Problem to solve: Repeat verbatim, and only, the lines of the data below, beginning at the line that contains "PLACENCIA Muebles celebra" and stopping after the line that contains "节节高升丨天然芽庄随形沉香手串 沉水级 15.2克 SP10426".

Supplied information:
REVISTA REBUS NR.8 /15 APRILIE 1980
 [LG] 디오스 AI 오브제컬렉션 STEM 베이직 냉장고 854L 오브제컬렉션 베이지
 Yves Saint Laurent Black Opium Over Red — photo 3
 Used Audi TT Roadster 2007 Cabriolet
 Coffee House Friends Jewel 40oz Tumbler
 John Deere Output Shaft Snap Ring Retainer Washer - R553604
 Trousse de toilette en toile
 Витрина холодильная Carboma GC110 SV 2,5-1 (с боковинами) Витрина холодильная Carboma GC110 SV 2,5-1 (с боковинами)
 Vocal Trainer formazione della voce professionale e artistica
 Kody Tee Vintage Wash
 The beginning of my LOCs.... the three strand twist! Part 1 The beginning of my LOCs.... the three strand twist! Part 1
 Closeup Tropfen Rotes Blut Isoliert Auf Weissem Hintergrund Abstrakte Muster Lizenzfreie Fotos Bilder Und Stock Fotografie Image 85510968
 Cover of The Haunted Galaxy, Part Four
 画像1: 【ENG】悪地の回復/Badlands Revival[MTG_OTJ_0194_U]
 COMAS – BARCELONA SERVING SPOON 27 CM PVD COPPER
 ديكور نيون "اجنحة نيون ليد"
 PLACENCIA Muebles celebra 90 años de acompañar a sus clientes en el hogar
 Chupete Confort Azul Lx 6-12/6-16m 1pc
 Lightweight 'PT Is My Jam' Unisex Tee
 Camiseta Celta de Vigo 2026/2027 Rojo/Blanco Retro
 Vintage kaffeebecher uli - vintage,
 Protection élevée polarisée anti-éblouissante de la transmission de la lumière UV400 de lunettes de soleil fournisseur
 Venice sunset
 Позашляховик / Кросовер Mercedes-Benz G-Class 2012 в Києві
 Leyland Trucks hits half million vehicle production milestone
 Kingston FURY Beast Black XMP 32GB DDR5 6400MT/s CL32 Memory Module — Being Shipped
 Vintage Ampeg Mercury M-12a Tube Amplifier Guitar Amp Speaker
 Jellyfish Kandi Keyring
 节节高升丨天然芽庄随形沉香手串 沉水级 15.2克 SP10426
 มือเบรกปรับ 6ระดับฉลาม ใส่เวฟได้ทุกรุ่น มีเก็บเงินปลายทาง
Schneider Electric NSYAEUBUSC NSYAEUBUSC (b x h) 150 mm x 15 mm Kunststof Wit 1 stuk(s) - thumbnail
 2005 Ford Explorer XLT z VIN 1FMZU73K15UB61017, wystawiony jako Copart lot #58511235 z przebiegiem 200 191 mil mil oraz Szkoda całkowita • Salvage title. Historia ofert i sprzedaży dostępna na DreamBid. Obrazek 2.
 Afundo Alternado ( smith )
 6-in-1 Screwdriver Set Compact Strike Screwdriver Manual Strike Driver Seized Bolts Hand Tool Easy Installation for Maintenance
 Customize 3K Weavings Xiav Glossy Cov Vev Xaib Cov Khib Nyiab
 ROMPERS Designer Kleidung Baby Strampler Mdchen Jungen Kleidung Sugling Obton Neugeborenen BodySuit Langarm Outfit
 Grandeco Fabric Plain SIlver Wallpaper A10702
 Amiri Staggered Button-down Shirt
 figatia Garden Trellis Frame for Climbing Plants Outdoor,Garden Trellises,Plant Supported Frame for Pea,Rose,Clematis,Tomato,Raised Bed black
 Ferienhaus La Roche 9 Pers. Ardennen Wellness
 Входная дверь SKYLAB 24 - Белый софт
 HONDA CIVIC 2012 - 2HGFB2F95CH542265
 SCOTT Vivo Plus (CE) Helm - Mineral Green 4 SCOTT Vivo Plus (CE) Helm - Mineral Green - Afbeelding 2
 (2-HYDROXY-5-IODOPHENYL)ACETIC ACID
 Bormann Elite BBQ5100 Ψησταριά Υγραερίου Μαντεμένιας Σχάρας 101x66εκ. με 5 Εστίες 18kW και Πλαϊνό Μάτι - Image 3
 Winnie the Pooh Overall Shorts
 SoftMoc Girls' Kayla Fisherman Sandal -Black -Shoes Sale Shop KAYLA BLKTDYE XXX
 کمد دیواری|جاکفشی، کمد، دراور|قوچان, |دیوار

Finished task:
 PLACENCIA Muebles celebra 90 años de acompañar a sus clientes en el hogar
 Chupete Confort Azul Lx 6-12/6-16m 1pc
 Lightweight 'PT Is My Jam' Unisex Tee
 Camiseta Celta de Vigo 2026/2027 Rojo/Blanco Retro
 Vintage kaffeebecher uli - vintage,
 Protection élevée polarisée anti-éblouissante de la transmission de la lumière UV400 de lunettes de soleil fournisseur
 Venice sunset
 Позашляховик / Кросовер Mercedes-Benz G-Class 2012 в Києві
 Leyland Trucks hits half million vehicle production milestone
 Kingston FURY Beast Black XMP 32GB DDR5 6400MT/s CL32 Memory Module — Being Shipped
 Vintage Ampeg Mercury M-12a Tube Amplifier Guitar Amp Speaker
 Jellyfish Kandi Keyring
 节节高升丨天然芽庄随形沉香手串 沉水级 15.2克 SP10426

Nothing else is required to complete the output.